The Messiah

| Tom Swick

Here I am at the 57th American Society of Hematology (ASH) Annual Meeting and Exposition in Orlando, Florida. The atmosphere is electric; the schedule is hectic. I am jet-lagged and sleep deprived.

I promised to report all the news about immunotherapy and drugs in the pipeline. Over the first two days, I attended the International Myeloma Working Group (IMWG) meeting, and several informative sessions, including Global Advances in Myeloma Treatment, and others that reported results from various clinical trials. I regret that there is not much to say about my chosen topics, but I expect the coming days to be better.

A few new drugs were called out, barely in passing. Paul G. Richardson, MD, mentioned Opdivo (nivolumab), which is a monoclonal antibody already approved for treatment of melanoma and lung cancer. While presenting data from the Eloquent-2 trial that led to the approval of Empliciti (elotuzumab), he projected that combinations of Empliciti with Opdivo and Pomalyst (pomalidomde) would be studied soon. In response to a question from the audience, Dr. Richardson stated that we have an “embarrassment of riches” stemming from the recent drug approvals and new treatment options.

Jesus F. San Miguel, MD, PhD, mentioned Sylvant (siltuximab), an anti-IL-6 chimeric monoclonal antibody. Sylvant has been FDA approved for the treatment of patients with multicentric Castleman’s disease (MCD), and is under investigation for several other malignancies, including myeloma.

In other sessions, Keytruda (pembrolizumab) and marizomib (NPI-0052) were mentioned. Keytruda is another monoclonal antibody approved for treatment of melanoma and lung cancer. Marizomib is a proteasome inhibitor, like VELCADE® (bortezomib), Kyprolis® (carfilzomib), and Ninlaro (ixazomib).

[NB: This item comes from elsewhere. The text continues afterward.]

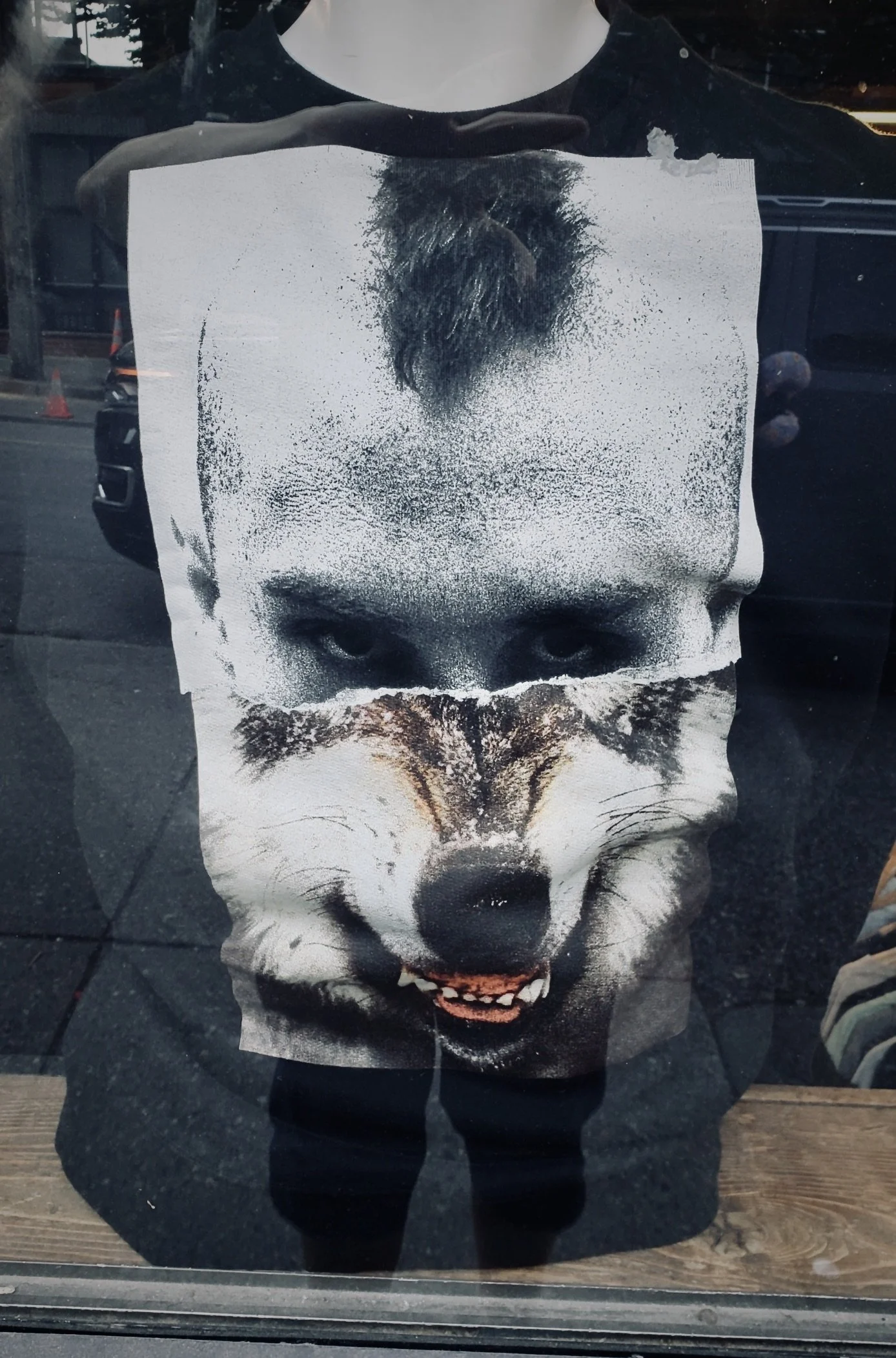 A T-shirt with a graphic design of a face merging the features of a person's face and a wolf's face, with the person's eyes above the wolf's eyes and mouth.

Michael and Robin Tuohy with Dr. Robert Kyle

Saturday night, the IMF held its Media and Grant Awards Reception at the Funky Monkey. My personal highlight was encountering Robert A. Kyle, MD, in a conversation with some of my fellow support group leaders. If you don’t know, Dr. Kyle, now in his eighties, is a Mayo Clinic physician who is considered to be the pioneering myeloma expert. I found him giving my colleagues a very detailed history of the use of corticosteroids in myeloma. I stopped taking dexamethasone this year, in favor of Medrol (methyl prednisolone), and asked him what he thought about that alternative corticosteroid. He responded with a smile and a nod of approval toward the relative mildness and lower toxicity. He is also a proponent of steroid dose reduction (e.g., 20 mg vs. 40 mg) when appropriate.

When I was first diagnosed in 2007, I found that sending e-mail blogs to my relatives was very therapeutic. I adopted a writing style in which everyone I mentioned needed a nickname. Brian G. M. Durie, MD, even before I met him, became the “King of Myeloma”. So what do you call the man who came before the King? With all respect, and no offense intended toward anybody’s beliefs, I’ve decided that to me, Dr. Kyle will forever be the “Myeloma Messiah”.